I have just realized I am my own best user. I forgot why I was interested in organic chemistry in the first place. Pihkal was such an awesome book because of how acute and kind of whimsical the science was. I’ve always loved the cloud in the air organic chemistry and is my roots of my knowledge. So I’ve always wanted to look at this book in more detail.
Here’s the code I will be using so we can get that over with. I also have it available as a demo in my software package, GlobalChem.
Install it
!pip install -q global-chem[cheminformatics] --upgrade
Load the cheminformatics package up:
from global_chem import GlobalChem
from global_chem_extensions import GlobalChemExtensionsgc = GlobalChem()

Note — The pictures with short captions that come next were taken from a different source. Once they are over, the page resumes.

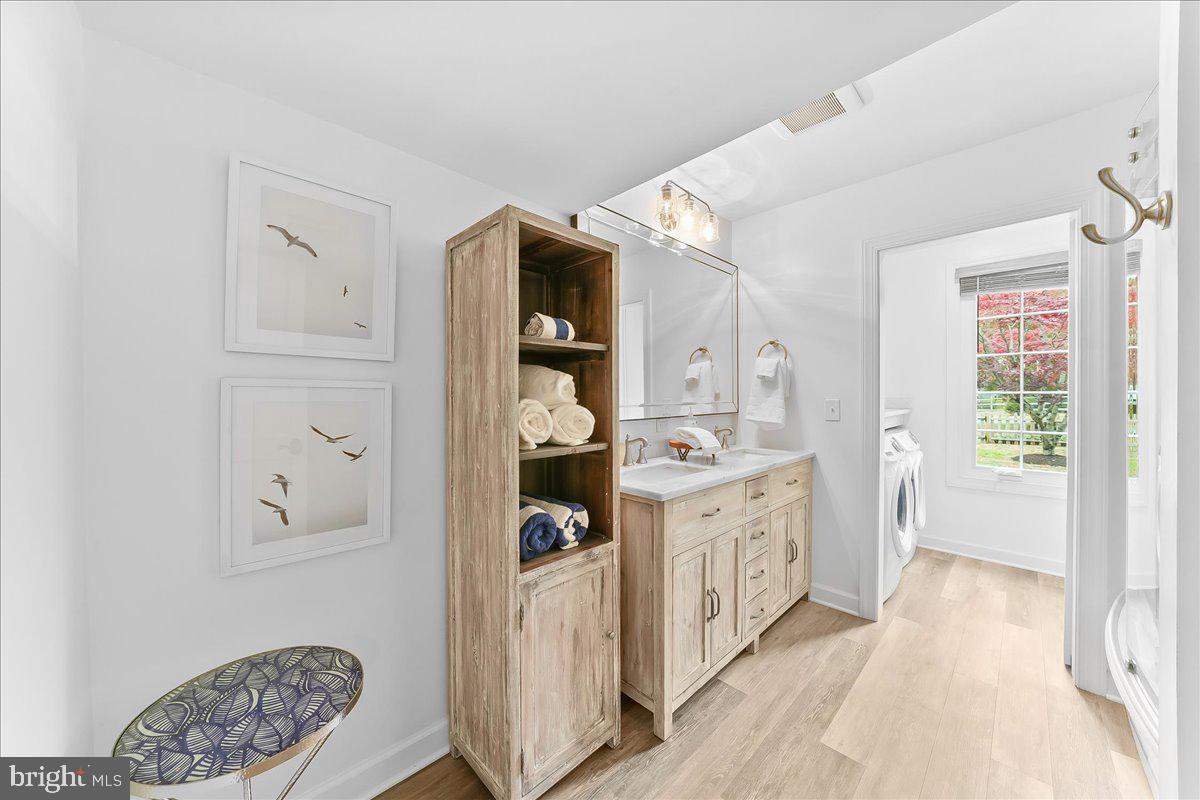 OWLS NEST - Residential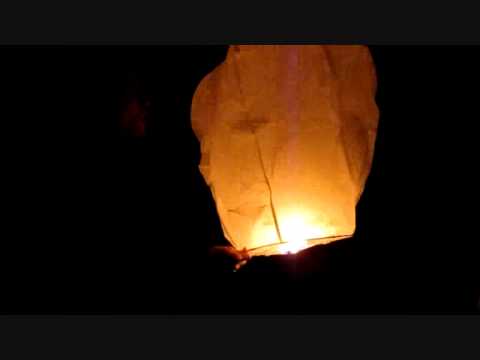 Youtube: Chinese Lanterns/UFOs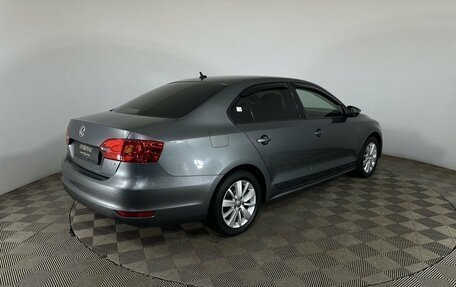 Volkswagen Jetta VI, 2011 год, 900 000 рублей, 6 фотография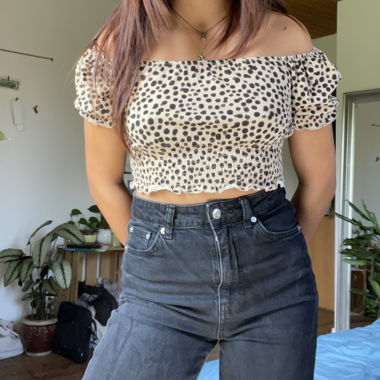 Leopard crop top🏵️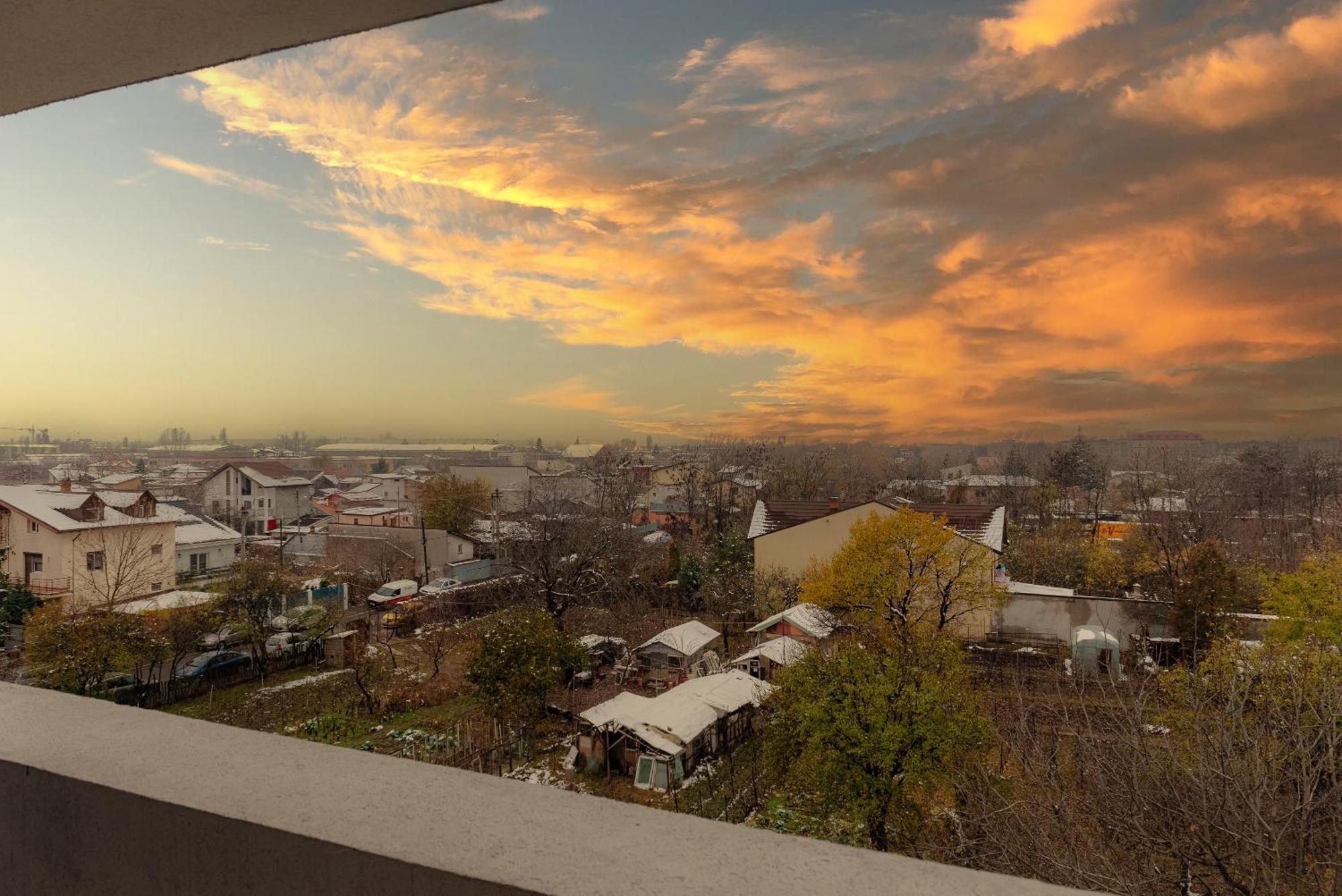 Duplex Lux - Thoria Lägenhet Bukarest Exteriör bild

cheminformatics = GlobalChemExtensions().cheminformatics()
And run the PCA Analysis. I talk about the more details of the code in my documentation here. We will start with some base configurations:
gc.build_global_chem_network()
smiles_list = list(gc.get_node_smiles('pihkal').values())
mol_ids = cheminformatics.node_pca_analysis(
smiles_list,
morgan_radius = 1,
bit_representation = 512,
number_of_clusters = 5,
number_of_components = 0.95,
random_state = 0,
return_mol_ids=True,
)
What do we get:
I set it to 5 clusters. There’s around 200 compounds in this dataset with 40 in each cluster it seems reasonable. Also when I was writing the list I saw functional groups of different interest. A popular one is the methylene dioxy protection group used in various serotonin based drugs. It looks like an owl.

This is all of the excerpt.